= Color Wheel (Kernis) =

Orchestral work by Aaron Jay Kernis

Color Wheel is an orchestral composition written in 2001 by the American composer Aaron Jay Kernis. The work was commissioned by the Philadelphia Orchestra for the opening concert at Verizon Hall in the newly constructed Kimmel Center for the Performing Arts in Philadelphia and in celebration of the orchestra's centennial. Its world premiere was performed by the Philadelphia Orchestra conducted by Wolfgang Sawallisch at Verizon Hall on December 15, 2001. Color Wheel is dedicated to the composer's wife Evelyne Luest.

==Composition==

===Background===
Kernis conceived of Color Wheel as a "'miniature' concerto for orchestra," which treats the orchestra "as a large and dynamic body of sound and color." The resulting work is cast in one continuous movement and lasts about 22 minutes. The title of the piece comes from the eponymous visual tool used for organizing color hues around a circle; in the score program note, Kernis wrote, "I feel that this piece concentrates on the bolder contrasts of basic primary colors. (I sometimes see colors when I compose, and the qualities of certain chords do elicit specific sensation in me — for example, I see A major as bright yellow)."

===Instrumentation===
The work is scored for an orchestra comprising three flutes (3rd doubling piccolo), three oboes (3rd doubling cor anglais), three clarinets (2nd doubling E♭ clarinet; 3rd doubling bass clarinet), three bassoons (3rd doubling contrabassoon), four horns, four trumpets (1st doubling piccolo trumpet), two trombones, bass trombone, tuba, timpani, four or five percussionists, electric bass (can be substituted by a second keyboardist playing a synthesizer with electric bass sound), piano (doubling celesta), harp, and strings.

==Reception==
Color Wheel has been praised by music critics. Reviewing the world premiere, Tim Page of The Washington Post described the piece as "an engaging riot of orchestral color that lacks the pomposity of so many ceremonial compositions." Geoff Brown of BBC Music Magazine later praised the piece for its "celebratory panache," saying that "it spins not only through the colour spectrum but the stylistic spectrum as well: granite dissonances, pensive calm, nervous jazz, Hollywood shock and awe – so many characteristic American sounds find a home with this prize-winning composer, jostling inside a variation chain in fussily luscious orchestrations. Weak ending excepted, it's an exhilarating ride, blessed with a clear recording that vividly captures the music’s whirlwind textures." Laurence Vittes of Gramophone similarly wrote, "An awesome timpani roll [...] introduces passages of frozen time like Nevskys ice lake leading to Oz-like poppy-field fantasies, delirious woodwinds and brass attitudes, and suddenly you realise you're in the middle of what the composer calls a 'miniature' concerto for orchestra, just the kind of exhilarating showpiece that had been ordered.
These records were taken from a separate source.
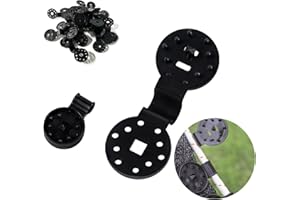 YUANBAOTT 60 STK Kunststoff Clips für Schutztuch Mit Öse Schattiernetz Clips, Spezialclips mit Öse, Sonnensegel Clips, Halteklammern Planenklammern, Befestigungsclips für Windschutzgewebe Schattennetze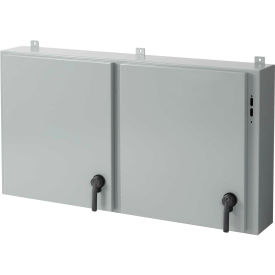 Disc. Enclosure, 1 Door, 48.00X40.25X24.00, Steel/Gray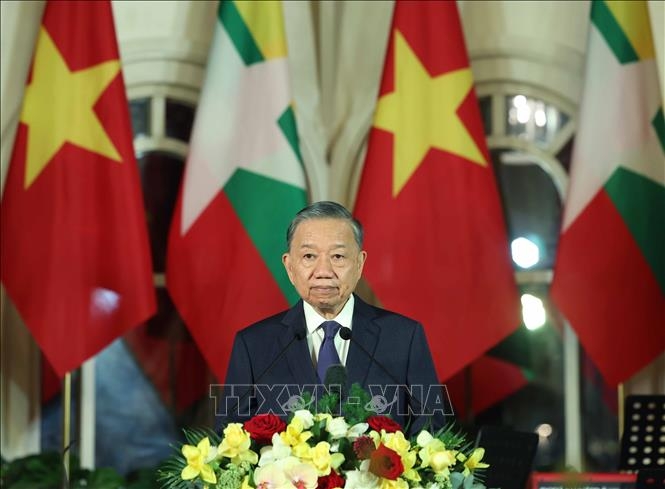 Tổng Bí thư, Chủ tịch nước Tô Lâm phát biểu (Ảnh: Thống Nhất/TTXVN)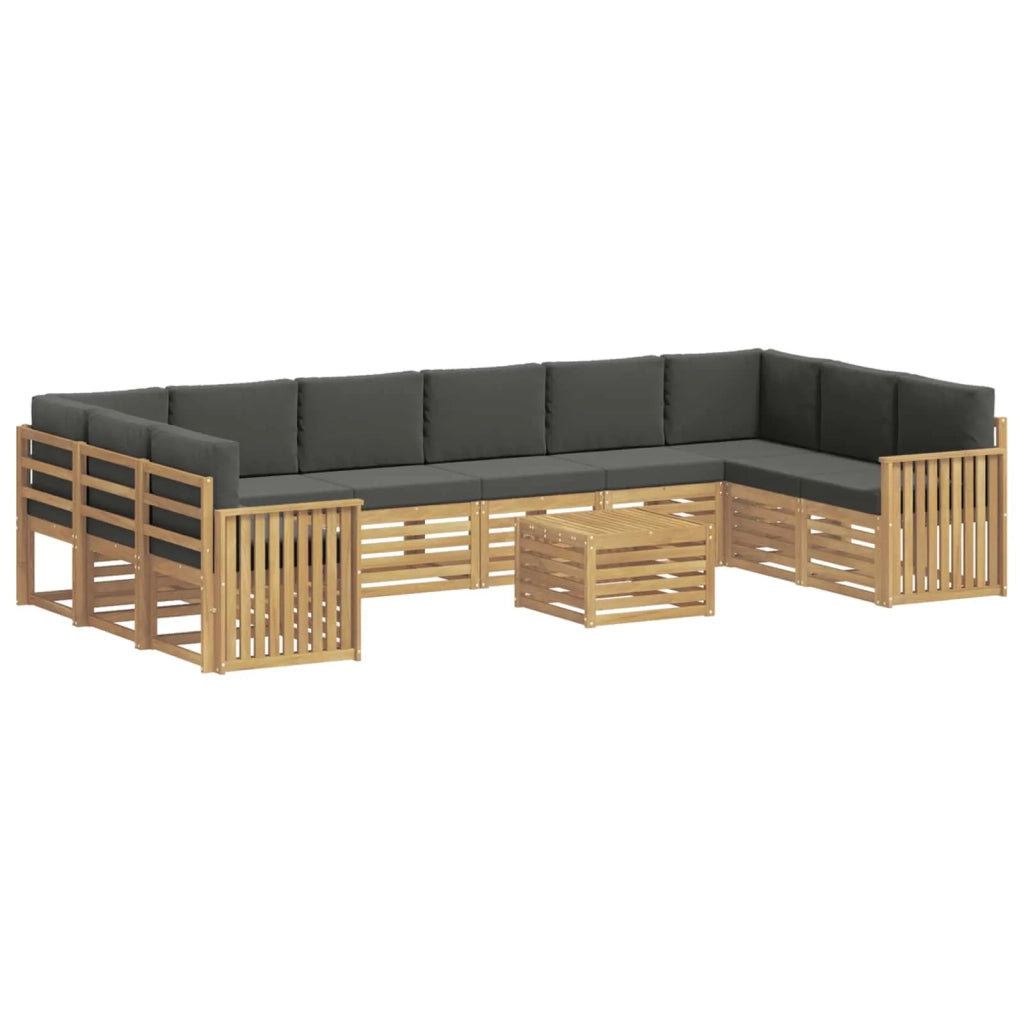 Set di divani da esterno 11 pcs Bianco e Antracite 3392622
Conversely, David Patrick Stearns of The Philadelphia Inquirer described Color Wheel as "good music [...] buried under way too many notes, suggesting how the weight of being a Pulitzer Prize-winning composer can be inhibiting and inspiring."

==Recording==
A recording of Color Wheel, performed by the Nashville Symphony conducted by Giancarlo Guerrero, was released on album together with Kernis's Symphony No. 4 Chromelodeon through Naxos in June 2020.